Example 5: Automated Approach Based on Fluorescence Feedback
[0117] Methods: Fluorescence feedback was collected by a probe in
response to external illumination and utilized to reconstruct an
image and assess the position of (1) a fluorescent bead and (2) a
calcein AM-stained B35 neuroblastoma cell. A computer-automated
system was utilized to localize to a fluorescent bead, and the
neuroblastoma cell based on the fluorescence feedback. Customized
LabVIEW software was used to raster scan the tip of the
micropipette over a large area of interest (160.times.160 microns)
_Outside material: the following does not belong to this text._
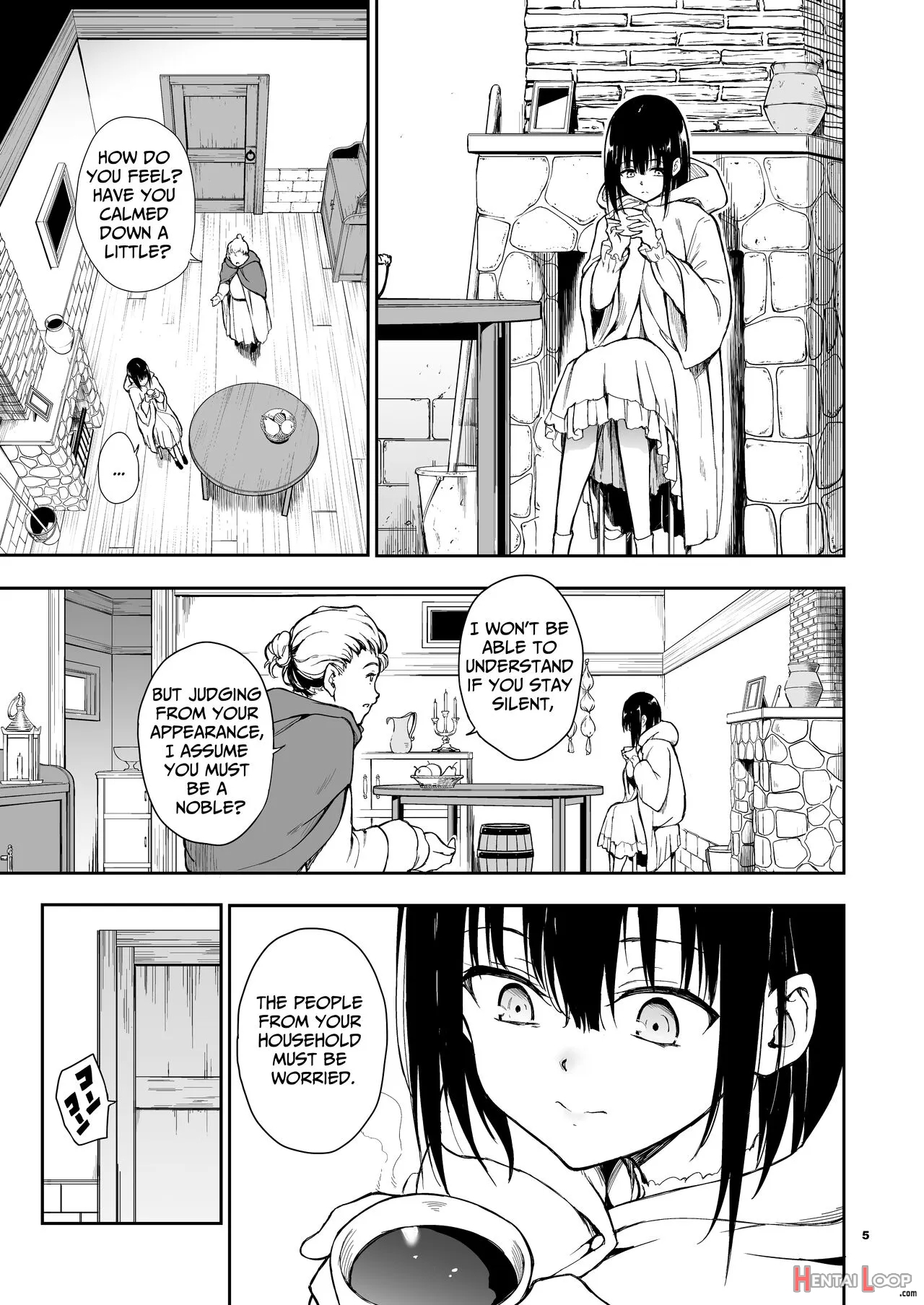 Maid Kyouiku. 6 -botsuraku Kizoku Rurikawa Tsubaki- page 4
at an initial distance above the sample. A software algorithm then
causes the tip to descend and raster scans again at the new
position, where the center of the scanning area corresponds to the
peak fluorescent signal measured in the previous scan. The
algorithm was repeated until the fluorescent signal reached a
predetermined threshold. Thereafter, the scanning area was
decreased to 25.times.25 microns and the algorithm was used to
continue descent of the micropipette tip using the smaller scanning
area until a second threshold was reached. Thereafter, the system
was halted. For the fluorescent bead, the approach algorithm was
performed three times from different starting positions defined by
an XYZ coordinate system: (0,0,500), (0,500,500), and (0,-500,500).
For the calcein AM-stained B35 neuroblastoma cell, the approach
algorithm was performed from a starting position of 25 microns
directly above the cell.
[0118] Results: Results are depicted in FIG. 9. For the fluorescent
bead, results demonstrate that all three runs moved the
micropipette towards the same angle of approach. The end point for
all three runs were within 10 microns of each other. For the
calcein AM-stained B35 neuroblastoma cell, the micropipette tip was
successfully navigated toward the cell.
Example 6: Automated Microscope-Independent Fluorescence Guided
Micropipette
[0119] Methods: System Architecture Using Intra-Electrode Tapered
Optical Fiber. The optical architecture is shown in FIG. 10 at (a).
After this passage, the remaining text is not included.